Sur le plan politique, elle ose afficher ses idées libérales. Elle prend ainsi cause pour les protestants Calas et Sirven. En 1774, elle soutient Turgot auprès de son parent Maurepas et œuvre en faveur de son entrée au ministère, un parti pris qui lui vaut d’être l’une des cibles du pamphlet Les Trois Maries.
À partir de 1776, elle se lie avec Franklin et poursuit l’activité de son salon jusqu’à ce que la Révolution n’entraîne un repli sur la sphère familiale. En 1792, elle assiste, au retour d’un séjour aux eaux de Forges, à l’assassinat de son fils, tué d’un coup de pierre par un révolutionnaire. Emprisonnée avec sa belle-fille, Alexandrine de Rohan-Chabot, elle est libérée le 2 octobre 1794. Elle meurt à son domicile parisien le 31 mai 1797.
Mme d’Enville n’est jamais tombée dans l’oubli.
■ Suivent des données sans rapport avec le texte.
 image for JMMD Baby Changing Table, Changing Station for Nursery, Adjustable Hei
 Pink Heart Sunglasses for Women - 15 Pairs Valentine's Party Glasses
La correspondance qu’elle a reçue fait l’objet d’études récentes valorisant cette aristocrate riche et influente qui a fait de La Roche-Guyon un important lieu de rayonnement des Lumières et qui a su tisser un réseau dense de relations européennes. On lui reconnaît également des facultés d’administratrice et d’éducatrice, mises à profit pour faire fructifier son patrimoine et redorer le blason familial, terni par la disgrâce de son père.
Oeuvres
- Correspondance de la duchesse d'Enville, éd. Michèle Crogiez et Élisabeth Badinter, Paris, Éditions de l’œil, 2016, 240 p.
Choix bibliographique
- Couffy, Annick (dir.), Curiositas humana est. Le château de la Roche-Guyon. Un salon scientifique au siècle des Lumières, s.l., Val-d’Oise Éditions, 1999, 140 p.
- Ruwet, Joseph (dir.), Lettres de Turgot à la duchesse d’Enville (1764-1764 et 1777-1780), Louvain/Leiden, Bibliothèque de l’Université/E. J. Brill, 1976, 236 p.
- Vermelle, Alison, « Malesherbes et ses belles amies, thèse de doctorat», Université Paris-Nanterre, 26 novembre 2016.
- Wick, Gabriel, Un paysage des Lumières : Le jardin anglais du château de la Roche-Guyon, Paris, Éditions ArtLys, 2014, 141 p.
Choix iconographique
- 1740 : Nattier Jean-Marc, « La belle source », gravure, collection privée.
- Non daté : Anonyme (Atelier de Nattier), Louise Elisabeth Nicole de La Rochefoucauld, duchesse d’Enville, collection privée -- Curiositas humana est, voir supra Choix bibliographique, p. 32.
- Non daté : Roslin Alexandre, La duchesse d’Enville, pastel, 42x37 cm, collection privée.
Jugements
- « (…) l’exemple d’une modestie, d’une simplicité, d’un oubli de toute espèce de prétention, que je ne vis jamais à cet âge que chez elle. » (Tronchin Théodore, lettre du 4 décembre 1765, collection Clerc de Landresse, citée dans Tyl Pierre, « Le salon de la duchesse d’Enville, un cénacle épris de sciences et de progrès », in Curiositas humana est, voir supra Choix bibliographique, p. 36).
- « Elle n’a pas les grands airs de nos grandes dames, elle a le ton assez animé, elle est un peu entichée de la philosophie moderne mais elle la pratique plus qu’elle ne la prêche. » (Du Deffand Marie, Lettre à Horace Walpole, 21 mars 1768, dans Du Deffand Marie, Lettres de la marquise du Deffand à Horace Walpole écrites dans les années 1759 à 1775, Paris, Treuttel et Würtz, vol. 1, p. 215-216).
- « C’est une dame d’un esprit et d’un mérite peu communs » (Franklin Benjamin, Mémoires sur la vie et les écrits de Benjamin Franklin [1785], Paris, Treuttel et Würtz, 1818, vol 2, p. 311).
- « C’est une femme parfaitement bonne, douée de cette simplicité que fait disparaître souvent l’orgueil familial ou la morgue du rang social. » (Young Arthur, Voyages en France en 1787, 1788 et 1789, Paris, A. Colin, p. 262).
- « C’était madame la duchesse d’Enville, dont le caractère était encore plus noble que la race, et l’âme plus élevée que le rang. » (Boissy d’Anglas François-Antoine, Essai sur la vie, les écrits et les opinions de M. de Malesherbes, Treuttel et Würtz, 1819, vol. 1, p. 9).